Ancora alto il gap di genere e il divario salariale tra donne e uomini in Emilia-Romagna, la denuncia di Tullia Bevilacqua, segretario regionale confederale Emilia Romagna dell'UGL

“In Emilia-Romagna le donne sindaco elette su tutto il territorio regionale sono il 34%, le donne presenti nelle giunte comunali il 38% e quelle elette nei consigli comunali il 34%. Si tratta di una buona percentuale in tema di rappresentanza politico istituzionale fra tutte le regioni italiane (la media nazionale è del 18%). Ma nonostante i progressi a 70 anni di distanza dal primo voto alle donne, avvenuto alle elezioni amministrative del 1946, le differenze fra la presenza maschile e quella femminile negli organi istituzionali della Regione e dei 340 Comuni dell’Emilia-Romagna rimangono significative e per la conquista della piena parità dovremo aspettare ancora chissa' quanto tempo”.

Il commento è di Tullia Bevilacqua,  segretario regionale confederale Emilia Romagna del sindacato UGL, a pochi giorni dallo svolgimento della prima seduta della Conferenza regionale delle elette, l’organismo introdotto dalla legge quadro regionale per la parità e contro le discriminazioni di genere in vista delle nuove norme in materia elettorale.

Nel mercato del lavoro la disparità di trattamento tra uomini e donne è evidente, con il tasso di disoccupazione per i maschi fermo al 7,3% in Emilia Romagna (nel 2014) mentre per le femmine viaggiava quasi vicino al 10%. E paradossalmente, l’unica nota positiva sembra averla portata la crisi economica: fra il 2008 e il 2014, tra le donne il tasso di occupazione ha sostanzialmente tenuto, mentre tra gli uomini è calato di oltre 4 punti percentuali. 

Le donne ricorrono più degli uomini al contratto di lavoro a tempo parziale e in Emilia Romagna vi ha fatto ricorso il 30,5% (la media italiana è al 32%, quella UE 33%) mentre appena l’8% degli uomini svolge lavoro part time. Le motivazioni? In campo femminile, la scelta di ridursi l’orario di lavoro è principalmente legata alla cura dei figli o di altre persone, mentre il 50% dei maschi vi fa ricorso perche' “vuole più tempo libero”.

“Ovvero, le donne rinunciano ancora alla carriera perchè devono accudire figli e parenti e portare avanti la cura della casa (vi dedicano oltre il quadruplo del tempo rispetto ai maschi).Non c'è tempo per gli straordinari, niente premi aziendali legati alla presenza, pochissimi benefit. Una situazione analoga nell'industria e nel pubblico impiego”: nota il segretario regionale confederale Emilia Romagna dell'UGL.

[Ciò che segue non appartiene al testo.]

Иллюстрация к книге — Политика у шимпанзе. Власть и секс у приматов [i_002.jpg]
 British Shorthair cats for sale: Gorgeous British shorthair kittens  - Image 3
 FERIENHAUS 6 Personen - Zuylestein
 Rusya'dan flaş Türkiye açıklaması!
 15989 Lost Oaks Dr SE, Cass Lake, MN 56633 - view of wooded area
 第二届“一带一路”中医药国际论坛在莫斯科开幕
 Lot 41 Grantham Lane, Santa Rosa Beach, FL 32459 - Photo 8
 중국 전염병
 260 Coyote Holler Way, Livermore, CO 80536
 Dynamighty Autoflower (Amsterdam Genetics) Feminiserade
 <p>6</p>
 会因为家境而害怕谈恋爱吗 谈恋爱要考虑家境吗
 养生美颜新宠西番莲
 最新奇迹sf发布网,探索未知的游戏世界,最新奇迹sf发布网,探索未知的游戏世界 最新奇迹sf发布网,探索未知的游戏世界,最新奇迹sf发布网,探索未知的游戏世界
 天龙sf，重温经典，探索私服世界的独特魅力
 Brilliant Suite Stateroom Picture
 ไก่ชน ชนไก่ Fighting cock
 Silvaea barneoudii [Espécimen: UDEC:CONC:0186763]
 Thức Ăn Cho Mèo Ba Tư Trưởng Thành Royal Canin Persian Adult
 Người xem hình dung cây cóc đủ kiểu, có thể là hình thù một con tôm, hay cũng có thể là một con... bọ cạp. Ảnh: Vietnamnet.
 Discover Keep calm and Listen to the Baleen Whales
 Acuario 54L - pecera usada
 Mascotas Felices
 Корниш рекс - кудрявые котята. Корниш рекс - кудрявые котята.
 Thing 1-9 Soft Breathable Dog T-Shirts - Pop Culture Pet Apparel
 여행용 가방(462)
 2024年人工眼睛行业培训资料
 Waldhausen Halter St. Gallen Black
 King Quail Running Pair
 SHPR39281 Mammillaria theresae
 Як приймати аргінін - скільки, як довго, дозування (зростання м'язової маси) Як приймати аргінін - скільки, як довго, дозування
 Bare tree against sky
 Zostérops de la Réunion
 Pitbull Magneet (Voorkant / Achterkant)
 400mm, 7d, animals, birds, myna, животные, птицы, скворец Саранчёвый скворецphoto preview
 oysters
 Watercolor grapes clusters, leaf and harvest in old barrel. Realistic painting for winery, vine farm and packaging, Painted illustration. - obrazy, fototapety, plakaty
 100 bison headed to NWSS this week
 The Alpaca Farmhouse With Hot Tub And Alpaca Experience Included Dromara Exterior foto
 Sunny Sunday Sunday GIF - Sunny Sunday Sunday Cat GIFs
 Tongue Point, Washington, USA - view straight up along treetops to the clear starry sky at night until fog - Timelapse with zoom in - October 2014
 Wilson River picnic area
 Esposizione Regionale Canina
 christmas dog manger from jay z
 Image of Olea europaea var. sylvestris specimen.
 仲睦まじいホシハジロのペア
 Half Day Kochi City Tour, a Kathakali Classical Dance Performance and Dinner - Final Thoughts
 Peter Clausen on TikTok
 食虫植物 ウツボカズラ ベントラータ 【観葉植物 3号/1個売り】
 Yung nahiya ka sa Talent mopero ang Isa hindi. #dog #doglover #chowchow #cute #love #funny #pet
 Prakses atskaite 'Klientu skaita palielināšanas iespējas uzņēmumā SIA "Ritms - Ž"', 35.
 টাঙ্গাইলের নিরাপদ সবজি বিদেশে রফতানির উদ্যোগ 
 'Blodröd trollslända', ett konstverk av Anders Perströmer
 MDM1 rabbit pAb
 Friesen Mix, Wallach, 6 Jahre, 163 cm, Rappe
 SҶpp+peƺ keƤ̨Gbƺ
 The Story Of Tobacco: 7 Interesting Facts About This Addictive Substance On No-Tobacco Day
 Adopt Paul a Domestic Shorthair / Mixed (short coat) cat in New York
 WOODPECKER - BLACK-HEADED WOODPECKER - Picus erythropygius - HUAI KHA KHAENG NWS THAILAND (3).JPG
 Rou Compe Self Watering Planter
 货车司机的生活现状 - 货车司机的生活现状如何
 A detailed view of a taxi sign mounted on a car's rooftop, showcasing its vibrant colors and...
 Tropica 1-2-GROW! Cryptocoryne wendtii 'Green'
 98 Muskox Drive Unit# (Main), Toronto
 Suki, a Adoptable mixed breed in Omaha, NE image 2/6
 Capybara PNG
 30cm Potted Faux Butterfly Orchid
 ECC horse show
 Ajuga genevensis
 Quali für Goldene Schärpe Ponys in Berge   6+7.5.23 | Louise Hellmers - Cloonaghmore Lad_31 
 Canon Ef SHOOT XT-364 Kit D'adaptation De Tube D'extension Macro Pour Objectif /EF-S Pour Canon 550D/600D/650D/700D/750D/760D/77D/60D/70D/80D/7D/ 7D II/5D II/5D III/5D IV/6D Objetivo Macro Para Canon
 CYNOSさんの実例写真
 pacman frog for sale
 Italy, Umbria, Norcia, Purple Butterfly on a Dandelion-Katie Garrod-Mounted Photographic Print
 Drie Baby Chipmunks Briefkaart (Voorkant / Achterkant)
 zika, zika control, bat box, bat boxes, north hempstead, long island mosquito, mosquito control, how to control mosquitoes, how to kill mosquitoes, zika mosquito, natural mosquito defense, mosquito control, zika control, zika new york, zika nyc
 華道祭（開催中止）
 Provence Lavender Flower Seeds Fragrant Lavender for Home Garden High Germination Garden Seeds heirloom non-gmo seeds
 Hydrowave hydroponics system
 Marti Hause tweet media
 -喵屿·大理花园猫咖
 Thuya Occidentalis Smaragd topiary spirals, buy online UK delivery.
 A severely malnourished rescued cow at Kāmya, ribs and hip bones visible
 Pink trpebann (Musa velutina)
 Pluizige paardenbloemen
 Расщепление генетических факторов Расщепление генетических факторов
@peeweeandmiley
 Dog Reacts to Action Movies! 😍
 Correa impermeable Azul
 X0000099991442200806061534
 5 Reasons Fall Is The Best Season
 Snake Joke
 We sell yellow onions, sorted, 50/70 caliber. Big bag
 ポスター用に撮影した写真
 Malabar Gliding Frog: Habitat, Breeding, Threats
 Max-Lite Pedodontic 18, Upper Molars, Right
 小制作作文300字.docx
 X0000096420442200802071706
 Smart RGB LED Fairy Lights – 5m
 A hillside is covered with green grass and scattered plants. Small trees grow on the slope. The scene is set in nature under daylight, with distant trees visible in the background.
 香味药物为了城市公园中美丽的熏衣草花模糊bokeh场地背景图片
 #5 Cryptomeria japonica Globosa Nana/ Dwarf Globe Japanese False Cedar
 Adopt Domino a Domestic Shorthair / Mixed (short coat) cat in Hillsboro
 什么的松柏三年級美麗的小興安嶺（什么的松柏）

Secondo il rapporto “Lavoro invisibile”, realizzato nel 2014 dalla sezione italiana di Action Aid, una donna in Italia dedica al lavoro domestico 204 minuti al giorno, contro i 57 di un uomo. L’insieme di questo impegno non retribuito rappresenta (ma non viene mai calcolato) il 30% del Pil. 

E se questo dato è negativo, l'indicatore della disparità di genere che più deve fare riflettere è quelle del reddito medio, il gap ammonta a circa 1.500 euro, un differenziale salariale a parità di ruoli e mansioni in tanti ambiti  ancora troppo alto che fra le prime conseguenze espone le donne ad un maggiore rischio di povertà. Per non parlare del fatto che  la presenza femminile nei CdA è ancora carente: una donna ogni 5 uomini, e solo il 4,1% degli Amministratori Delegati in Italia è donna. Insomma, più del 90% dei dirigenti in luoghi apicali è tuttora costituito da uomini. Ed Eurostat ci ricorda che l'Italia divide con il Lussemburgo l'ultima posizione per incidenza di donne manager nel mondo del lavoro pubblico e privato.

“Da queste statistiche emerge ancora una volta che la cura della famiglia è soprattutto sulle spalle delle donne. E ancora oggi, nonostante l'aumento delle donne laureate, l'occupazione femminile si concentra nei settori professionali dove le retribuzioni sono più basse. A rischio ci sono ancora gli spazi che le donne si erano conquistate nel corso del tempo. Urgono quindi  interventi in favore della donna e dell'occupazione femminile , politiche di sostegno alla famiglia di cui si dovrebbe far carico un governo che continua a non avvalersi di un ministro delle Pari opportunità che come sindacato Ugl stiamo chiedendo da tempo e abbiamo invocato anche in occasione della festa dell'8 marzo a Roma e potrebbe costituire un valido presidio contro il differenziale salariale di genere, la disoccupazione e la povertà femminile”: conclude il segretario regionale confederale Emilia Romagna di UGL Tullia Bevilacqua.